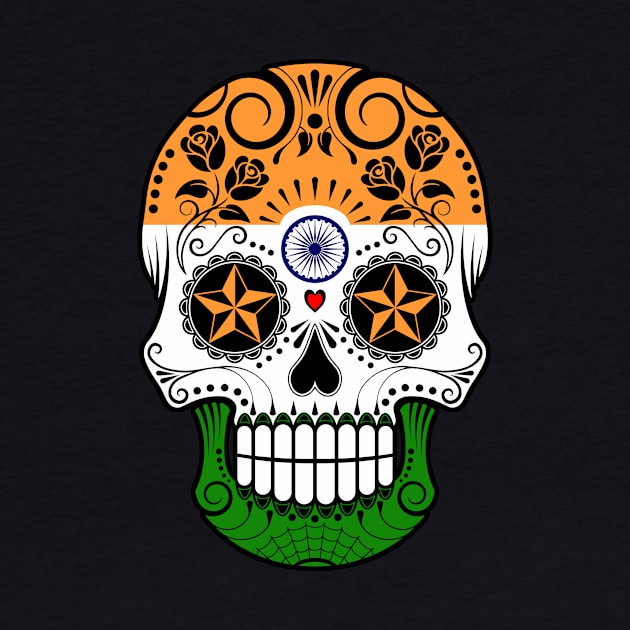 Indian Flag Sugar Skull with Roses by jeffbartels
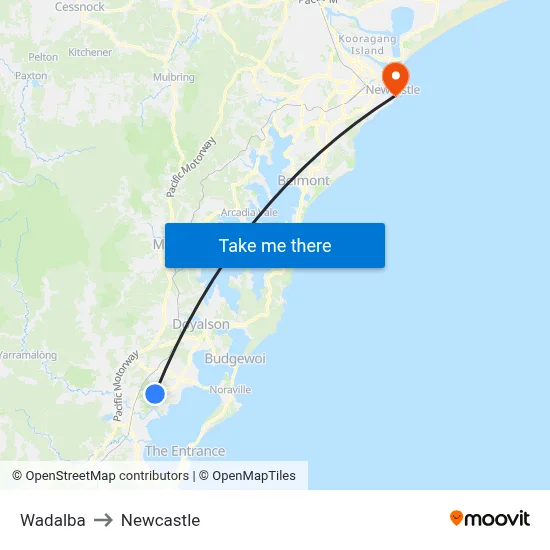 Wadalba to Newcastle map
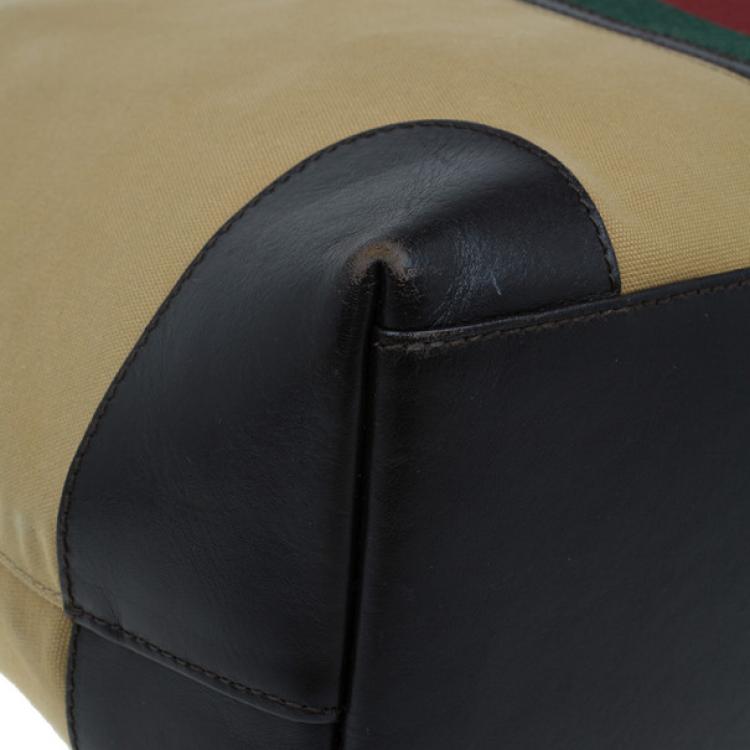 Pre Owned Gucci Beige Canvas and Leather Vertical Web Tote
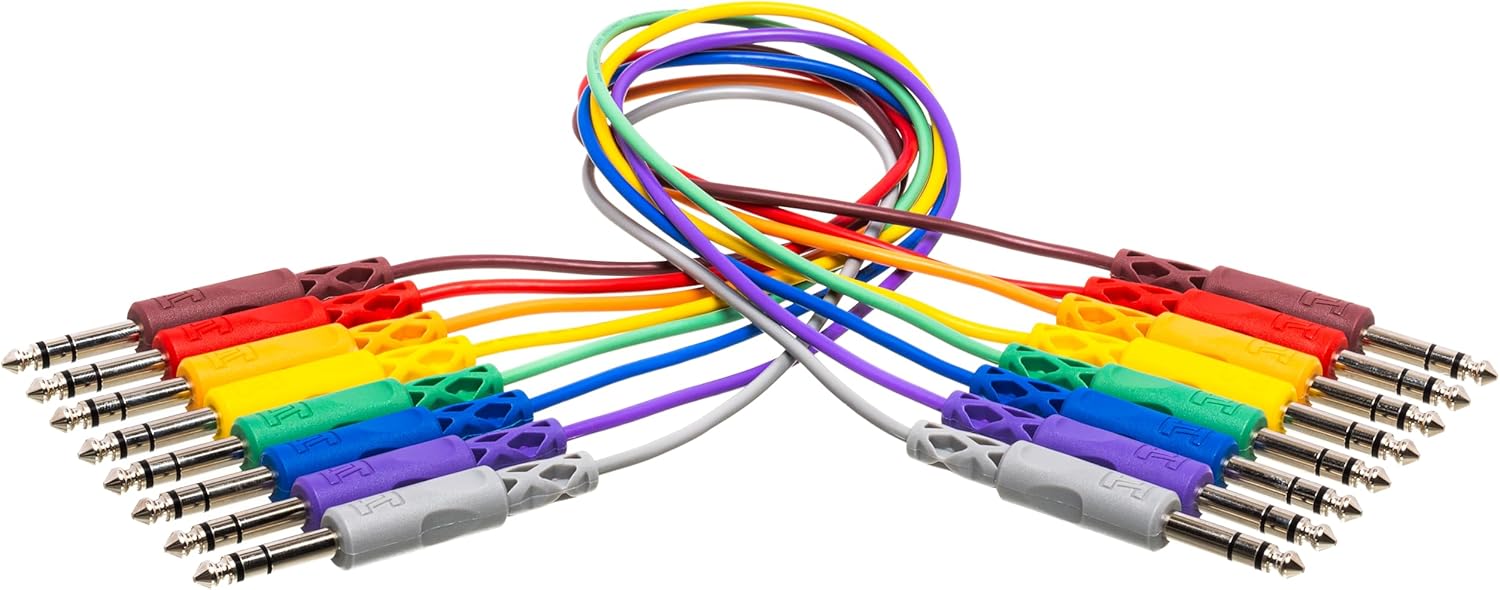 Hosa CSS-830 Balanced Patch Cables, 1/4 Inch TRS to Same, 1 Foot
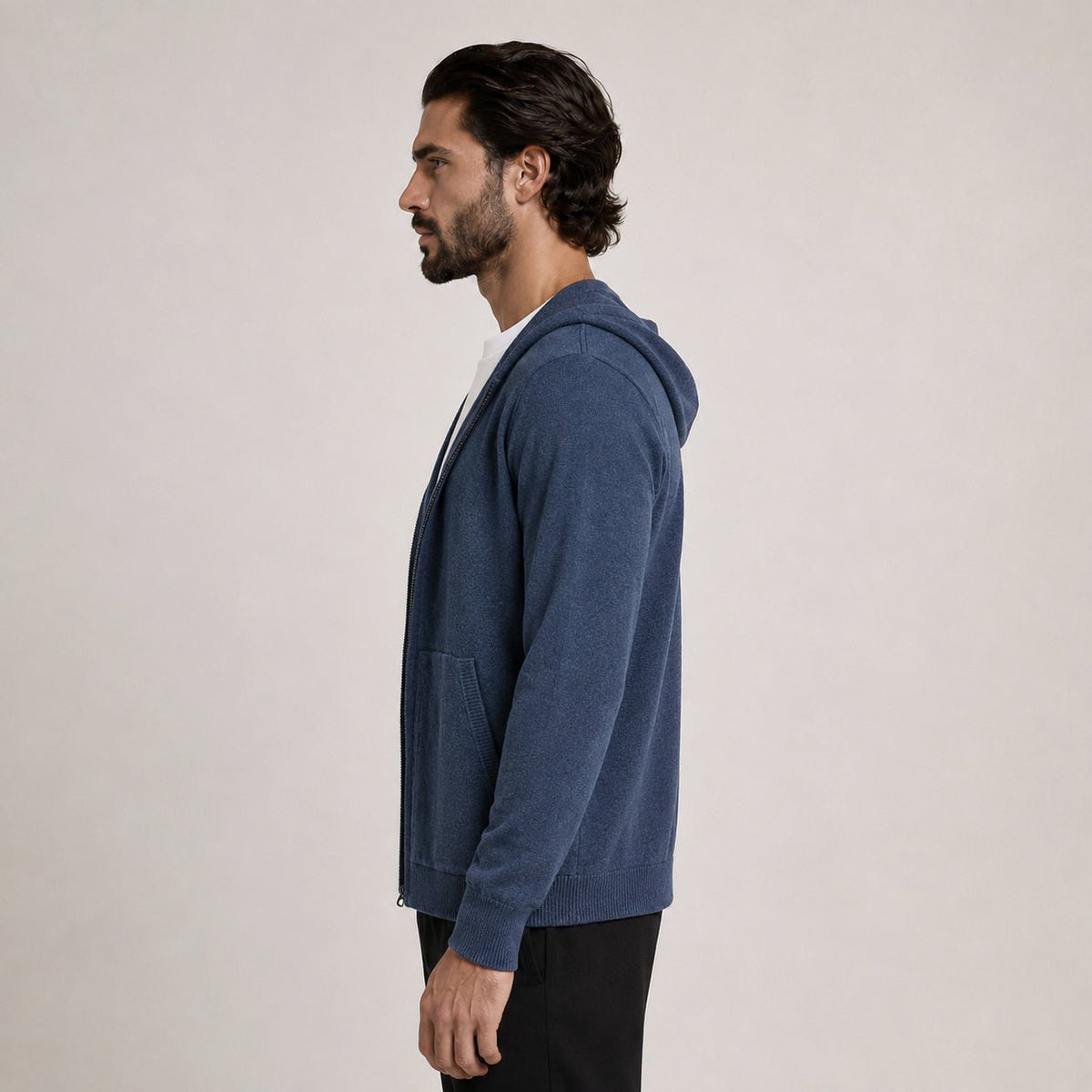 Hooded Wool Blazer Cardigan – Blue - ELORO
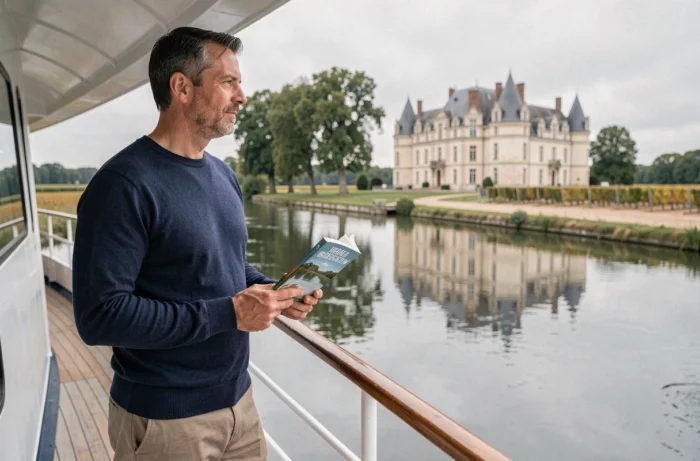 Traveler on a river cruise boat admiring a chateau in the Loire Valley in France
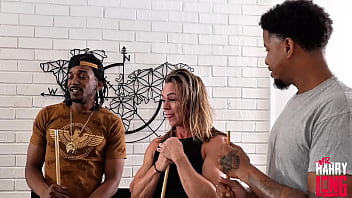 She lost we won pool shark gets slutted out by two young bulls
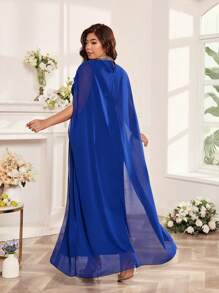 Cravure 大码蓝宝石蓝色金属蕾丝边修身长裙，正式服装 - 寶藍色 - 查看 2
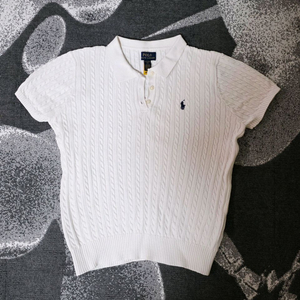 폴로 랄프로렌 여성 걸즈 케이블 반팔 카라 니트 스웨터 XL (55) 이미지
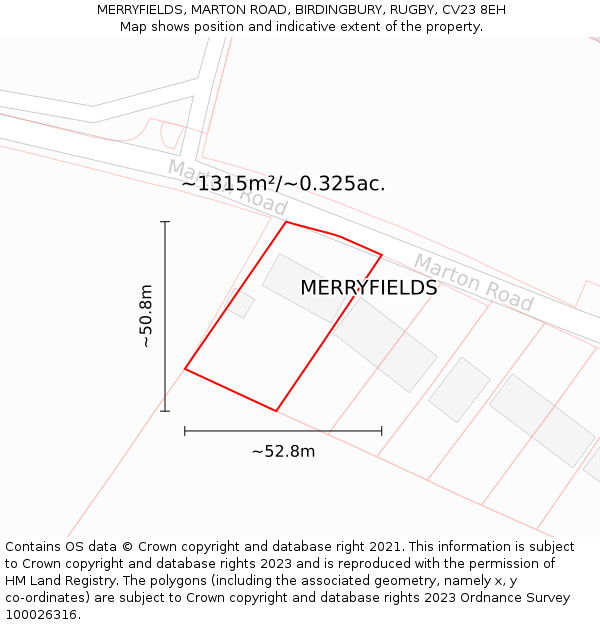 MERRYFIELDS, MARTON ROAD, BIRDINGBURY, RUGBY, CV23 8EH: Plot and title map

● ● ● ● ●

■ HOW TO COMPLETE THIS TASK ■
The copy has to start at the line that contains "Wadalba to Newcastle map" and end at the last line of the material above, matching the original exactly and holding no pictures.

■ ANSWER BOX ■
 Wadalba to Newcastle map
 Pre Owned Gucci Beige Canvas and Leather Vertical Web Tote
 Hosa CSS-830 Balanced Patch Cables, 1/4 Inch TRS to Same, 1 Foot
 Hooded Wool Blazer Cardigan – Blue - ELORO
 Traveler on a river cruise boat admiring a chateau in the Loire Valley in France
 She lost we won pool shark gets slutted out by two young bulls
 Cravure 大码蓝宝石蓝色金属蕾丝边修身长裙，正式服装 - 寶藍色 - 查看 2
 폴로 랄프로렌 여성 걸즈 케이블 반팔 카라 니트 스웨터 XL (55) 이미지
 MERRYFIELDS, MARTON ROAD, BIRDINGBURY, RUGBY, CV23 8EH: Plot and title map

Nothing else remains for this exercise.